La vida padre | Crítica

Freud era de Bilbao

Enric Auquer y Karra Elejalde en una imagen del filme.

Enric Auquer y Karra Elejalde en una imagen del filme.

Con el tono y los mimbres de la comedia clásica urdidos por el veterano Joaquín Oristrell y la ciudad de Bilbao como gran escenario de film-commission a mitad de camino entre la memoria de la era industrial y decadente y un presente modernizado y turístico, La vida padre se lanza al enredo edípico con la alta cocina como marco paródico y un estupendo Karra Elejalde en modo libre como principal espectáculo.

Un puñado de chascarrillos a costa de la monarquía, los catalanes, el terrorismo o la deriva hidrogenada y caramelizada de la nueva cocina ponen el contexto sociológico a una trama que se conjuga en el regreso de un padre amnésico, otrora gran maestro de los fogones, al que fuera su exitoso restaurante en 1990, ahora remozado y regentado por su hijo a golpe de sofisticación, espumas de erizo y diseño.

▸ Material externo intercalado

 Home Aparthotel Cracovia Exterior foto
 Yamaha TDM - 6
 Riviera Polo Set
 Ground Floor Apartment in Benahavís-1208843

Mazón sujeta bien el armazón, libera muchos gags en los diálogos y las réplicas, introduce a una doctora hawksiana (Montaner) para abrir la inevitable trama romántica y deja que Elejalde y Auquer, este último no tan cómodo en el registro cómico, jueguen al ping-pong de los reproches, los equívocos sexuales y las recetas secretas mientras se dirime, ya en un último tercio menos interesante, el verdadero trasfondo sentimental de la propuesta, a saber, una reconciliación paterno-filial que es también el abrazo entre la memoria de una vieja ciudad y las tradiciones y la aceptación de su flamante, aseado y rentable aspecto actual.